HDFS Load
Load data from HDFS
StarRocks provides the following options for loading data from HDFS:
- Synchronous loading using INSERT+
FILES()
- Asynchronous loading using Broker Load
- Continuous asynchronous loading using Pipe
Each of these options has its own advantages, which are detailed in the following sections.
In most cases, we recommend that you use the INSERT+FILES()
method, which is much easier to use.
However, the INSERT+FILES()
method currently supports only the Parquet, ORC, and CSV file formats. Therefore, if you need to load data of other file formats such as JSON, or perform data changes such as DELETE during data loading, you can resort to Broker Load.

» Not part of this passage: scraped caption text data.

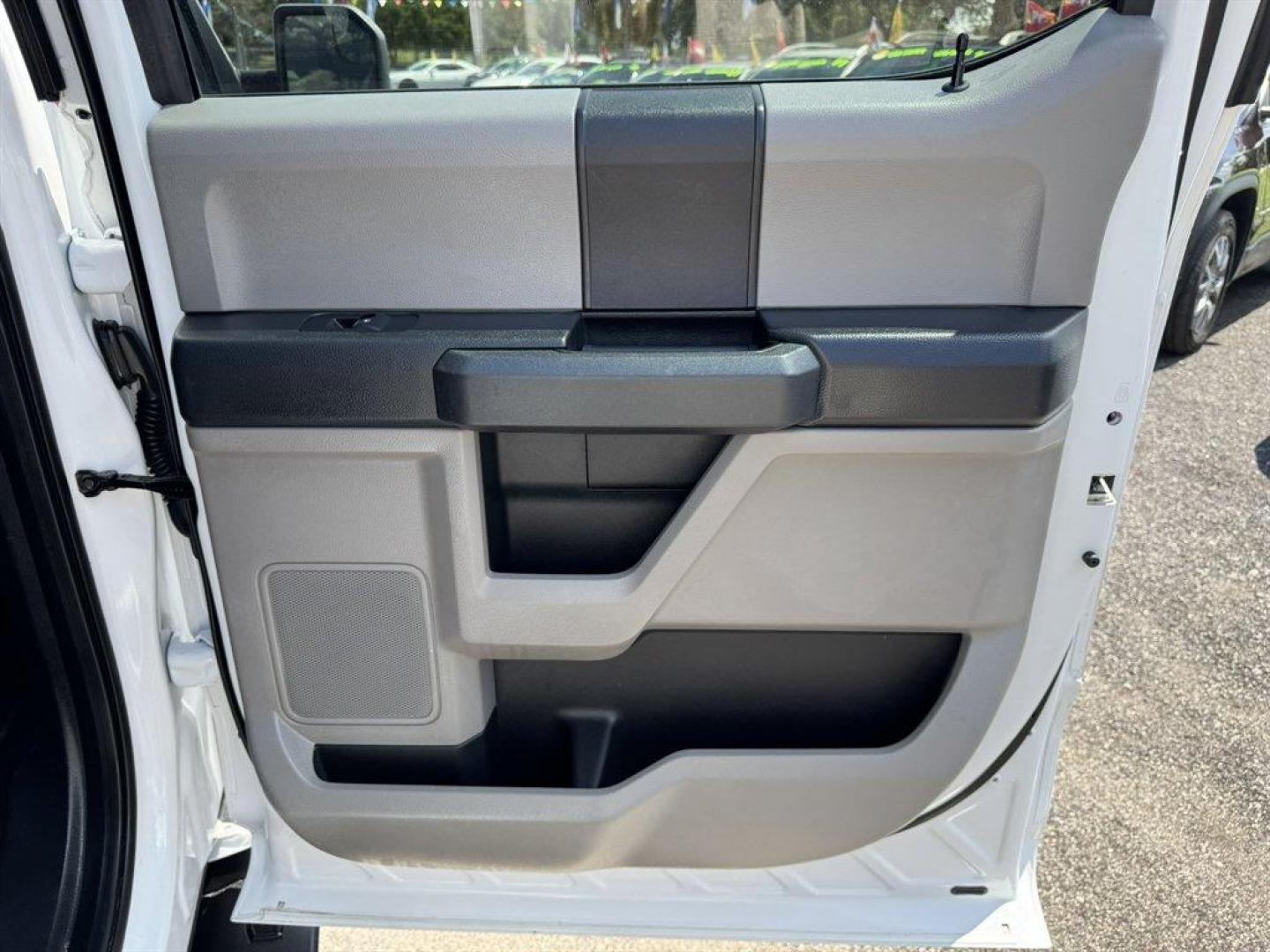 2019 White /Black Ford F150 (1FTEW1EP9KF) with an 2.7l V6 DI T/C Ecoboost 2 engine, Automatic transmission, located at 745 East Steele Rd., West Columbia, SC, 29170, (803) 755-9148, 33.927212, -81.148483 - Special Internet Price! 2019 Ford F150 STX Package - Photo#24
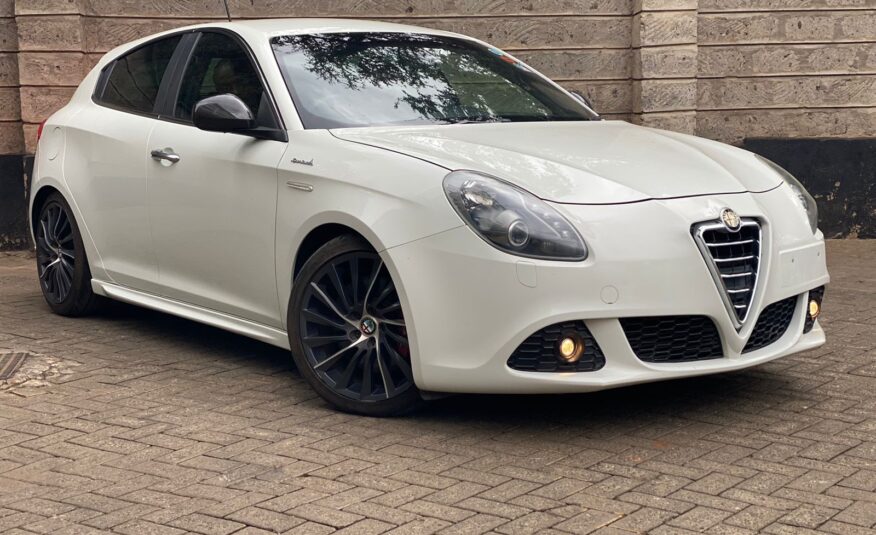 2014 Alfa Romeo Giulietta Sportiva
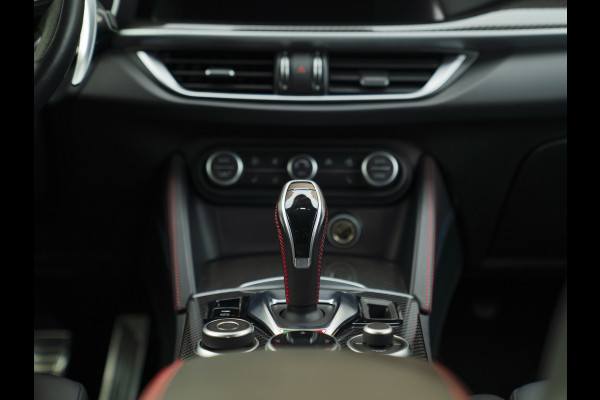 Alfa Romeo Stelvio 2.9 V6 AWD Quadrifoglio | Harman/Kardon | Rosso Competizione | Adapt. cruise | CarPlay | Carbon stuur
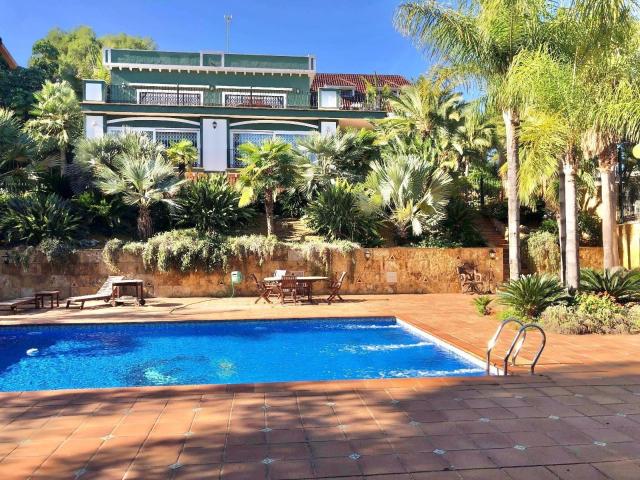 Una residencia espectacular en el corazón de El Palmar, donde el lujo, el confort y la naturaleza se unen en perfecta armonía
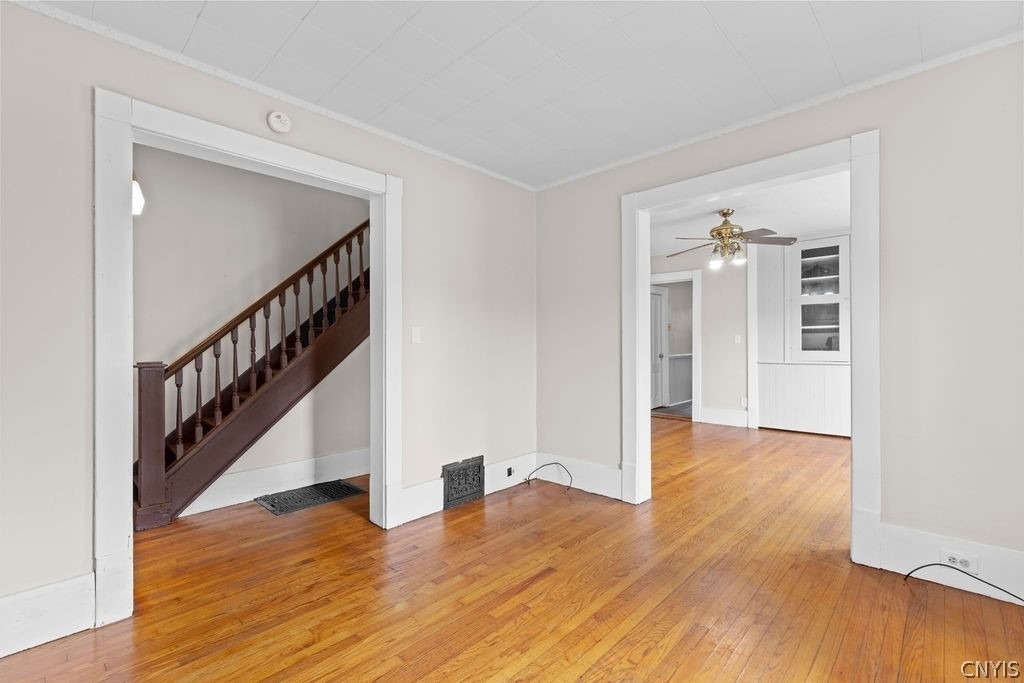 109 Center Street - Photo 4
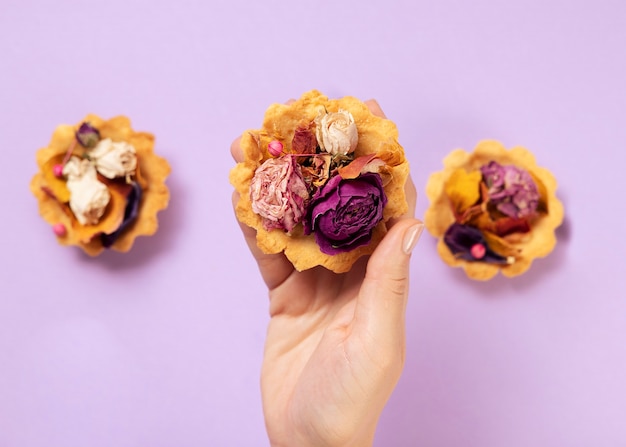 Elegante concetto di cibo ecologico con fiori in crostata da dessert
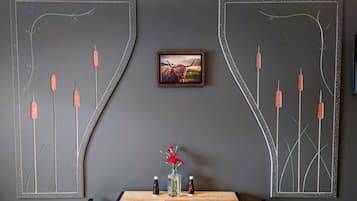 Twin Room, 2 Twin Beds, Non Smoking (Raven Room) | Individually decorated, individually furnished, desk, free WiFi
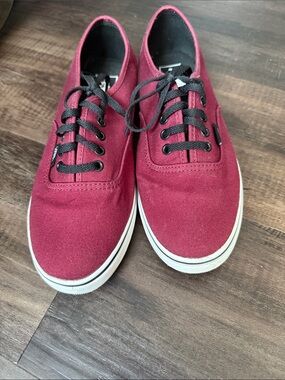 Vans Canvas Lace-Up Sneakers in Burgundy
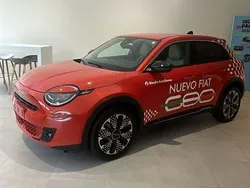 Naranja Nuevo 2025 Fiat 600E La Prima SUV | 30.278 € (Precio justo)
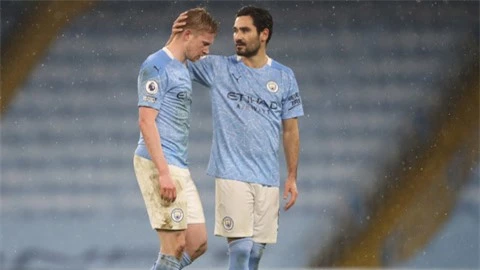 Guendogan (phải) đủ sức thay thế De Bruyne dẫn dắt hàng tiền vệ Man City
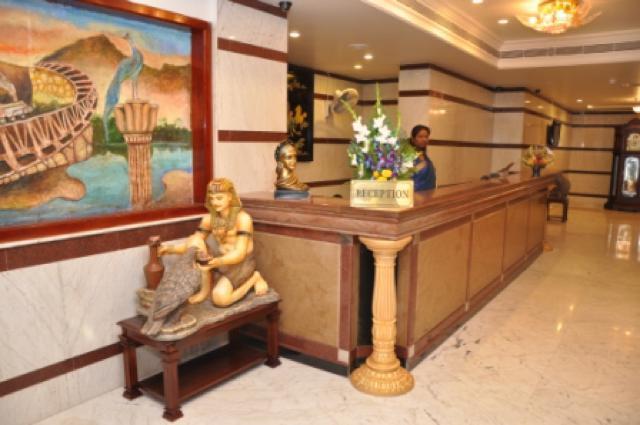 Hotel Pigeon International บังกาลอร์ ภายนอก รูปภาพ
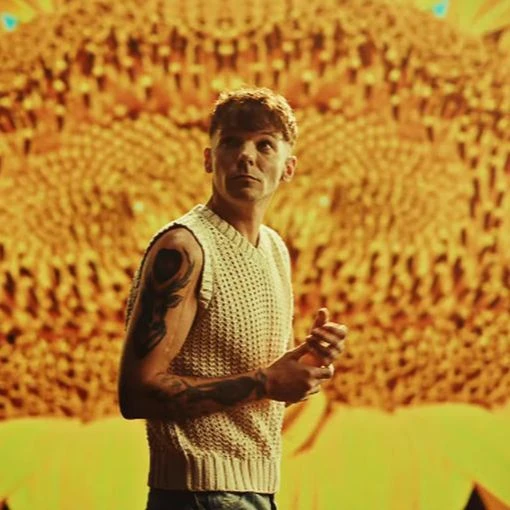 Louis Tomlinson thumbnail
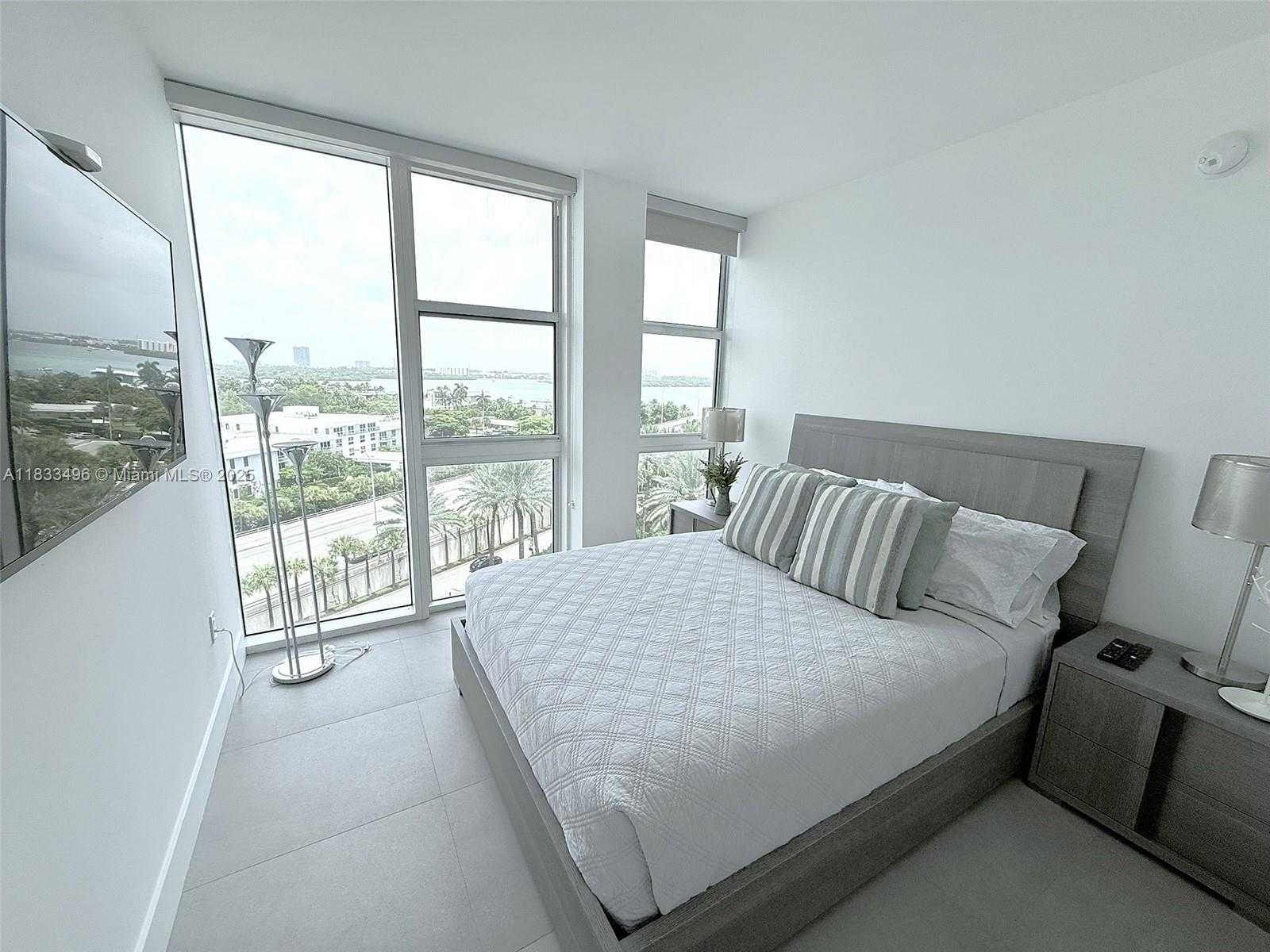 Small Image of 10275 COLLINS AVE #722, Bal Harbour Number 22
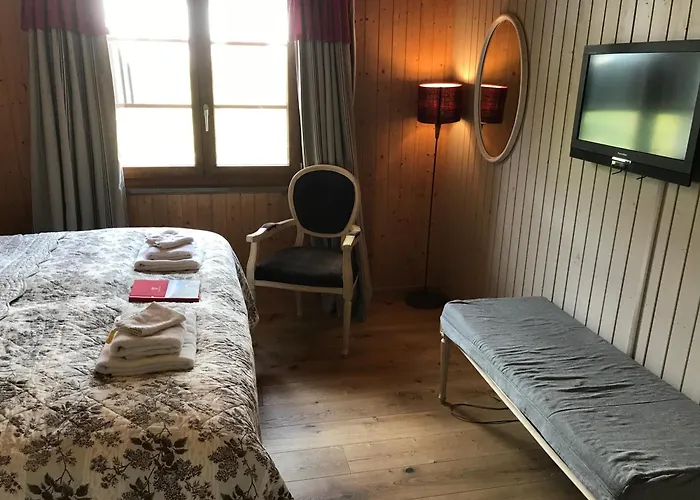 Hamilton Lodge & Spa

If you need to load a large number of data files with a significant data volume in total (for example, more than 100 GB or even 1 TB), we recommend that you use the Pipe method. Pipe can split the files based on their number or size, breaking down the load job into smaller, sequential tasks. This approach ensures that errors in one file do not impact the entire load job and minimizes the need for retries due to data errors.
Before you begin
Make source data ready
Make sure the source data you want to load into StarRocks is properly stored in your HDFS cluster. This topic assumes that you want to load /user/amber/user_behavior_ten_million_rows.parquet
from HDFS into StarRocks.
Check privileges
You can load data into StarRocks tables only as a user who has the INSERT privilege on those StarRocks tables. If you do not have the INSERT privilege, follow the instructions provided in GRANT to grant the INSERT privilege to the user that you use to connect to your StarRocks cluster. The syntax is GRANT INSERT ON TABLE <table_name> IN DATABASE <database_name> TO { ROLE <role_name> | USER <user_identity>}
.
Gather authentication details
You can use the simple authentication method to establish connections with your HDFS cluster. To use simple authentication, you need to gather the username and password of the account that you can use to access the NameNode of the HDFS cluster.
Use INSERT+FILES()
This method is available from v3.1 onwards and currently supports only the Parquet, ORC, and CSV (from v3.3.0 onwards) file formats.